Por que Lula, Marisa e Lulinha, primogênito do casal, inspecionaram as obras de reforma do triplex?
Inquérito conduzido pelo Ministério Público de São Paulo, sem
vinculação com a Lava Jato, revelou indícios de que o triplex do Guarujá
integra o patrimônio oculto do casal Lula e Marisa. Eles seriam os
proprietários escondidos atrás da logomarca da OAS. Ouviram-se no
inquérito uma dezena de testemunhas.
Chama-se Armando Dagre Magri
uma das testemunhas. É dono da Talento Construtora. Contou à Promotoria
que a OAS contratou sua empresa para reformar o triplex número 164 A.
Orçou a obra em R$ 777 mil. Realizou o serviço entre abril e setembro de
2014. Não esteve com Lula. Mas avistou-se com Marisa. Estava reunido no
apartamento com um representante da OAS quando, subitamente, a mulher
de Lula deu as caras. Estava acompanhada de três pessoas. Descobriria
depois que eram o filho Fábio Luís, o Lulinha, um engenheiro da OAS e
ninguém menos que o dono da empreiteira, Léo Pinheiro, hoje condenado a
16 anos de cadeia na Lava Jato. Inspecionaram a reforma, atestaram sua
conclusão e deram a obra por encerrada.
Zelador do prédio desde
2013, José Afonso Pinheiro relatou ao Ministério Público que Lula também
inspecionou as obras do triplex. Esteve no apartamento, por exemplo, no
dia da instalação do elevador privativo. Contou que a OAS limpava o
prédio, ornamentando-o com flores, nos dias de visita de Marisa. Uma
porteira do edifício disse à Promotoria ter visto Lula e Marisa juntos
no local em fins de 2013. Em suas notas oficiais, o Instituto Lula não
explica o inusitado interesse pela reforma de um imóvel cuja propriedade
o casal nega.
7.
Por que a OAS devolveria dinheiro à família Lula da Silva depois de ter borrifado R$ 777 mil apenas na reforama do triplex?
Levado ao ar pelo Jornal Nacional, na noite desta quinta-feira, o
advogado de Lula, Cristiano Zanin Martins, reiterou: “Esse imóvel não é
do ex-presidente Lula e de nenhum parente do ex-presidente Lula. A
família do ex-presidente Lula comprou uma cota de um projeto da Bancoop.

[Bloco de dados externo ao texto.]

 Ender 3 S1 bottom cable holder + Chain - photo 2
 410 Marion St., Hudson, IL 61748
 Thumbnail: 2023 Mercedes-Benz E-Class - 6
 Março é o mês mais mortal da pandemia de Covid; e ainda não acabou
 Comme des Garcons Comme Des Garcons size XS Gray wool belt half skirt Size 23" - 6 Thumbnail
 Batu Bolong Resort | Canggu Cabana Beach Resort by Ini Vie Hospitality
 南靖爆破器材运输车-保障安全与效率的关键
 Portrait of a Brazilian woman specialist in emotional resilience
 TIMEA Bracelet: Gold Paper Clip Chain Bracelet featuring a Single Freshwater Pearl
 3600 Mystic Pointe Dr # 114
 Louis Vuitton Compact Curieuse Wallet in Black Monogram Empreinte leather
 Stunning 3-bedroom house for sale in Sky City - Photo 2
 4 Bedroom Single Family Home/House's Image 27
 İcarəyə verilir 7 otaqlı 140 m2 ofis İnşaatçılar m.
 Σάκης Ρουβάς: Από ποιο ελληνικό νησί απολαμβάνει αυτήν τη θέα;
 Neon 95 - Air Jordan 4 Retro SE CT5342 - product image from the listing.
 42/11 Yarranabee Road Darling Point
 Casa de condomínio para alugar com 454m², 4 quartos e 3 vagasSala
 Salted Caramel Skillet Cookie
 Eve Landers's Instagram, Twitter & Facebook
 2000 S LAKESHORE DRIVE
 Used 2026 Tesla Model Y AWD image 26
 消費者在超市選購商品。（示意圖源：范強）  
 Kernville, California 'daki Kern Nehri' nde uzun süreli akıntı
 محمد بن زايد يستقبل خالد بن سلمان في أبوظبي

É só isso que existe. Ele pagou essa cota. Essa cota está declarada no
imposto de renda do ex-presidente Lula.”
Inquirido a respeito da
reforma feita pela OAS, sob supervisão de Marisa Letícia, o doutor
absteve-se de responder. Poderia ter dito, enfaticamente: Lula, Marisa e
o filho do casal jamais inspecionaram reforma do predio do Guarujá. O
doutor preferiu tergiversar: “Eu não tenho a menor ideia porque houve
uma reforma e quem fez esta reforma. Simplesmente porque este imóvel não
é do ex-presidente Lula ou de qualquer parente do ex-presidente Lula. O
ex-presidente Lula tinha uma cota de um projeto da Bancoop e depois,
quando este projeto foi transferido para uma outra empresa, ele tinha
duas opções: pedir o resgate da cota ou usar a cota para a compra dum
imóvel no edifício Solaris. E ele fez a opção, a família fez a opção,
pelo resgate da cota.” De duas, uma: ou a OAS converteu-se de
empreiteira em instituição de caridade ou alguém ficará no prejuízo. Ou,
por outra, a Lava Jato içará à tona uma terceira versão, a verdadeira.